• **Exercise instructions**
Write out, word for word, the part of the listing below that opens with the line containing "Here you can" and closes with the line containing "Now you may", keeping both of those lines and adding no others.

• **Recorded information**
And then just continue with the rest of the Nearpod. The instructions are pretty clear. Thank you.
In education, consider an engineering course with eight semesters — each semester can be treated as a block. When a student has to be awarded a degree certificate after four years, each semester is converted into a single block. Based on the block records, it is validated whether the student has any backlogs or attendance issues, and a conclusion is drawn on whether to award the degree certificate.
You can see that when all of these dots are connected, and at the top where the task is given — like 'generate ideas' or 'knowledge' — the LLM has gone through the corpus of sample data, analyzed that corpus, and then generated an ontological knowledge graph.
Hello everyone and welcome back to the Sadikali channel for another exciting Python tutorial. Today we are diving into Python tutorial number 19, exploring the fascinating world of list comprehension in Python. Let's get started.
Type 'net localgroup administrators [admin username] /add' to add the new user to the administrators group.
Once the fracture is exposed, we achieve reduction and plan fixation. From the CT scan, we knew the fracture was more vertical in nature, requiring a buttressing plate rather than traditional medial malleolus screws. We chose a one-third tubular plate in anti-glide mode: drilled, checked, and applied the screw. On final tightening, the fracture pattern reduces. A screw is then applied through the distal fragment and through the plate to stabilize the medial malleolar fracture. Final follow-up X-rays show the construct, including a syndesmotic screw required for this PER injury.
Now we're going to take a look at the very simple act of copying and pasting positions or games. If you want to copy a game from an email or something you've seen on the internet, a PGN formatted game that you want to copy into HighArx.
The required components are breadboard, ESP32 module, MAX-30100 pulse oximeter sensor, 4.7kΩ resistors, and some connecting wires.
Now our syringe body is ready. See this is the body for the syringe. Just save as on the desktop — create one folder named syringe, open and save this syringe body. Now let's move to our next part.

==

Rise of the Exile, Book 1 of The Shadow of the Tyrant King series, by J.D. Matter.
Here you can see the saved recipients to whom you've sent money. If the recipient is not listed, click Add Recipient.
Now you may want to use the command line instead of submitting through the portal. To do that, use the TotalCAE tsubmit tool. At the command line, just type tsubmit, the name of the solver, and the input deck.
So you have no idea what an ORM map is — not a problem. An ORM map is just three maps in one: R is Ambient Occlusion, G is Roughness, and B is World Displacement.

--

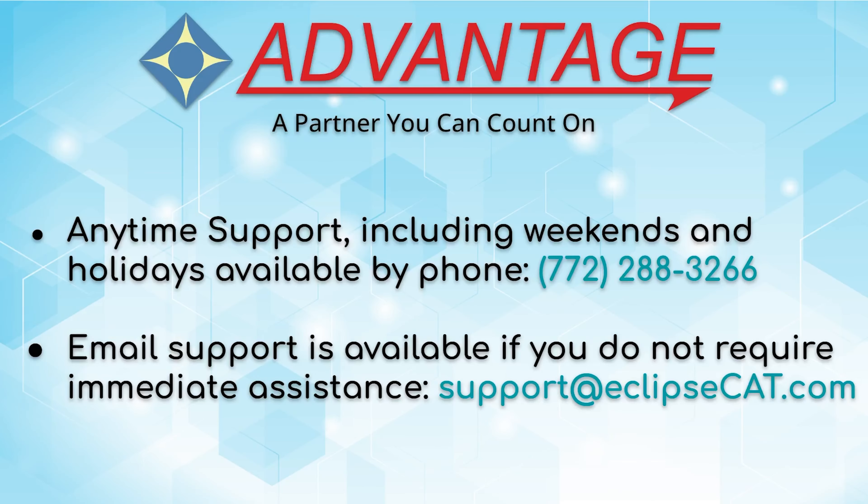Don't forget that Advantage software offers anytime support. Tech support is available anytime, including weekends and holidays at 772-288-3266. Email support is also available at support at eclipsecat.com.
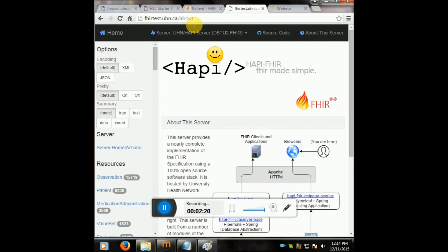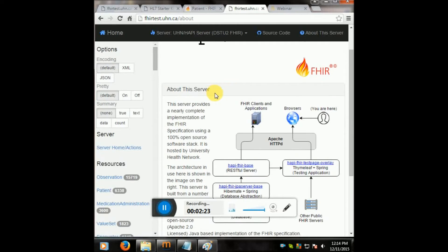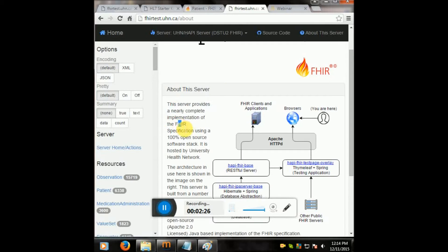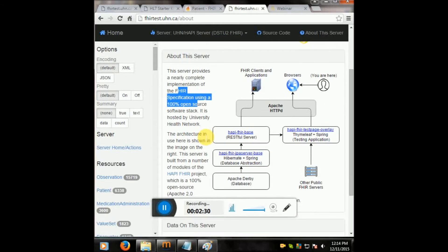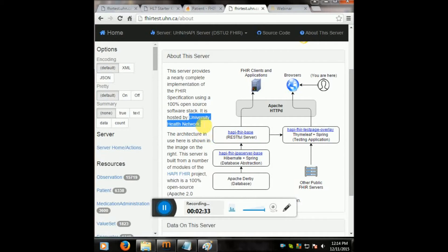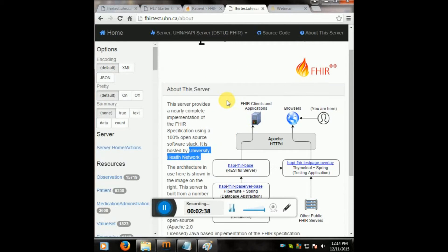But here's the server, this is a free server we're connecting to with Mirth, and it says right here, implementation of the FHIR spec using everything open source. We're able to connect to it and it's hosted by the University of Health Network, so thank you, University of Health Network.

• **Exercise response**
Here you can see the saved recipients to whom you've sent money. If the recipient is not listed, click Add Recipient.
Now you may want to use the command line instead of submitting through the portal. To do that, use the TotalCAE tsubmit tool. At the command line, just type tsubmit, the name of the solver, and the input deck.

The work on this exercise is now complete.